Pele takes no prisoners; it’s tackling everything I believe, why I believe it, who I hold close and who and what I need to release. It is freeing, terrifying and exhausting to examine every memento and choice, reflect on it, feel its energy, and choose to keep or discard it.  It’s like plunging off a cliff deep into the cluttered closets and overworked brain cells fighting to maintain the only reality I remember, but there is no better way to create space.  Shirts and dreams, receipts and relationships, cluttered drawers and overworked brain cells … all can serve to fuel our passions, or can bury us in busy work that mirrors productivity. It continues to amaze me how much of my life I simply hand over to rote and oh, well, whatever rather than actively choose.

But, as I said, it’s exhausting. Laka reminds me to dream, to seek and soothe myself in those things and places and relationships that inspire me. My writing calls me to do that and to allow it, I’ve had to let go of the belief that writing is work, worth only the money it earns, worth time only when I produce a tangible commodity that someone else will buy. My relationship with my writing was dysfunctional, emotionally abusive, begging for divorce. I used it only to earn me money so I could travel and get away from it, take a vacation from it rather than with it. I gave it nothing and demanded everything and when it protested, I raged at it, starved it, pointed to the door and demanded it leave me alone.

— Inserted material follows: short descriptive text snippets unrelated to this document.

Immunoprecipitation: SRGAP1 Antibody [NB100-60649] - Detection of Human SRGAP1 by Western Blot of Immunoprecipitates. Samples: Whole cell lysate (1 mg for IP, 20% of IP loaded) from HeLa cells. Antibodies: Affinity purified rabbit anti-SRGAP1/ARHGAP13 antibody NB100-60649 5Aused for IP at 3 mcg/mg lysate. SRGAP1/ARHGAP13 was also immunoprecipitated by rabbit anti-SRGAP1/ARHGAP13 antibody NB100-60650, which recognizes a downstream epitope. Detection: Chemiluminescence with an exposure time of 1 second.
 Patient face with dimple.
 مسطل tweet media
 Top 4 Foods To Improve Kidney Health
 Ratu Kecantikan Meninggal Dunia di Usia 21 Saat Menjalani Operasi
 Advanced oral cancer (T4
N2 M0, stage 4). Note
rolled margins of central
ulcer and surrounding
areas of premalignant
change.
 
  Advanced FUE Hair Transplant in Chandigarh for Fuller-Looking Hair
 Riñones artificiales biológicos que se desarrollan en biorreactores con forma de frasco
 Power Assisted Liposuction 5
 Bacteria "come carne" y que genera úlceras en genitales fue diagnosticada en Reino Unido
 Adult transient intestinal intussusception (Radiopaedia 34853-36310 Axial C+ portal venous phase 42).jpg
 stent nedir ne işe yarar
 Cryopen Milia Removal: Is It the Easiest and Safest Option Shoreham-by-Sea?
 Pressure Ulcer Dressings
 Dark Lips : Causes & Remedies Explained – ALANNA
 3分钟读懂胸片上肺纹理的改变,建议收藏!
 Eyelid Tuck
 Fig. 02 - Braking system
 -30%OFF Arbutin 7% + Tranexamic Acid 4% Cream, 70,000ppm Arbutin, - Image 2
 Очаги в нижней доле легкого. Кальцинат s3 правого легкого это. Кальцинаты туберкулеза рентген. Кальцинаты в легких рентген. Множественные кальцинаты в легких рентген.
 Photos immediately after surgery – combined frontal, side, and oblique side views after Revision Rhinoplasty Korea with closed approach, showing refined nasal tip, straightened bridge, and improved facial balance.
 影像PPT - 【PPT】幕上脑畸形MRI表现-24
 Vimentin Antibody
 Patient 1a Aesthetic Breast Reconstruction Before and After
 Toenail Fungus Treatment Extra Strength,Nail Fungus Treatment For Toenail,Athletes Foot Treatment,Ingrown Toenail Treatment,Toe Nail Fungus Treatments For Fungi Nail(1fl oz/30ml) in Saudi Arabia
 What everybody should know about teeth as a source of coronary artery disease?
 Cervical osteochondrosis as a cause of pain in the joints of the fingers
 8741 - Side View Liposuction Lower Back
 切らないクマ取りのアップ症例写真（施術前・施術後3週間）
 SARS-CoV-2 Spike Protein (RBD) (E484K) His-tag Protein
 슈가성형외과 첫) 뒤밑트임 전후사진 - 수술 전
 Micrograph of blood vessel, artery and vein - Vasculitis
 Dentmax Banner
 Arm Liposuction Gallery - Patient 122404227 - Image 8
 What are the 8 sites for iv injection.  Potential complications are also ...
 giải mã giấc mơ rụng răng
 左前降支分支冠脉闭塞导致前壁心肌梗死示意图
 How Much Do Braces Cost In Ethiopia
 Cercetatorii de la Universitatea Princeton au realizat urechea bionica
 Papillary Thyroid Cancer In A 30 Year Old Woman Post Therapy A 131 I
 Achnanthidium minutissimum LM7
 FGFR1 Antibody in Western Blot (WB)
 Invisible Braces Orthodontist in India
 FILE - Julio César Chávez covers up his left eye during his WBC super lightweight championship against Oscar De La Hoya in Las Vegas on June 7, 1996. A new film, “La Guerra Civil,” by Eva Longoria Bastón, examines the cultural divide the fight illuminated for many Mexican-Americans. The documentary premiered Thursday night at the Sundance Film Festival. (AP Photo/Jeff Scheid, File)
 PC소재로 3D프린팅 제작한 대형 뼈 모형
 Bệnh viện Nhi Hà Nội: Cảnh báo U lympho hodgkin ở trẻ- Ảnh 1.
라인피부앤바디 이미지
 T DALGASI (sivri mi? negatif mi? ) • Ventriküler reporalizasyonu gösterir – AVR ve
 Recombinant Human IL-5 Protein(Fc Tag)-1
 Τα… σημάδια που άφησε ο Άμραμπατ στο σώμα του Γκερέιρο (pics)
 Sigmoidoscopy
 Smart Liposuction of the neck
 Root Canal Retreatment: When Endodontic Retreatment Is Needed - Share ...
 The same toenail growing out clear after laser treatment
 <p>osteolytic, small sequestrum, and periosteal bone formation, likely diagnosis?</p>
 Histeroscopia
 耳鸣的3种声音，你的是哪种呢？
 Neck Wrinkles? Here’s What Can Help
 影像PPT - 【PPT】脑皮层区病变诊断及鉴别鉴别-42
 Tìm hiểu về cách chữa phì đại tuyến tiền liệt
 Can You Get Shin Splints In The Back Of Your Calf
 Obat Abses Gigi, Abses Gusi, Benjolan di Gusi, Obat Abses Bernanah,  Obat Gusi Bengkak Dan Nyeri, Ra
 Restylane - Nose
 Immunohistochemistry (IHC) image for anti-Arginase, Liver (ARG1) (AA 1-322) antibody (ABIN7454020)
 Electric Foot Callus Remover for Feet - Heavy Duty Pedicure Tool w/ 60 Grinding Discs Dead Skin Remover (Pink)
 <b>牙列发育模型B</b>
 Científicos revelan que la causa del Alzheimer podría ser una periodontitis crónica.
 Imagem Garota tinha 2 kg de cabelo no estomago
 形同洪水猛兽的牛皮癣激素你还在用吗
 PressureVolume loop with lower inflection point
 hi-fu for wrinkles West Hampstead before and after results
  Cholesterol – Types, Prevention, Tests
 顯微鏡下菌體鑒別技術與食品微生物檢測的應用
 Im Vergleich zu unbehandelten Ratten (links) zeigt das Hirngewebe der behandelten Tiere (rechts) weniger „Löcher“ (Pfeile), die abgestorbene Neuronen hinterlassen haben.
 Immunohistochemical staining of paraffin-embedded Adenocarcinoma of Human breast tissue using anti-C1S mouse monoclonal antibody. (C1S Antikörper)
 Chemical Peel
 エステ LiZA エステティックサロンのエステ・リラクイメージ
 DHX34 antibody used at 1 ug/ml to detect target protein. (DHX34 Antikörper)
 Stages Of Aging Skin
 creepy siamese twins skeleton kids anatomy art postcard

And there is Ho’oponopono, a call to healing those dysfunctional relationships, intimate or casual, external or internal. My relationship with my writing was carried inside but the fury and dysfunction spilled out into other relationships, harming the most the one closest to us both, the one who sought to reunite us. But as in any relationship, healing can only come from within those directly involved. I alone could allow the desire to write, the gratitude to write, the space for writing in my life. To do that has been to touch fears long-buried of failure and being lost. Creation thrives in the unknown and is born from chaos. It’s unpredictable and messy, things I learned  were to be avoided at all cost. But that’s what lights me up inside – the thrill of the unknown, the grand experiments where you test by doing and embrace the journey of discovery regardless of the outcome, the doing something that frightens me just because I can. Yet I easily forget and spiral inward, feel my world grow dark and small. Until the next Mana card, the next conversation with a trusted fellow explorer, the next time I sit in front of my screen and invite the words to come.

So I await the new year this year with an enthusiastic hope, with a passion for making this a year of leaps and plunges, of clearing out and creating new, of learning even more about myself and my place in a world that is changing rapidly and fighting to stay the same.  I have myself to thank for awakening and allowing this journey. I have the many wise and wonderful people in my life to thank for their examples, their stories, their energy and truths. And I have the circumstances that beg for ‘good riddance’ to thank as well, for forcing my butt to stay home and my journey to spiral inward where it was needed. Now, it is time to spiral back outward. Look out 2022.

Wishing you a continued magnificent journey. See you again soon.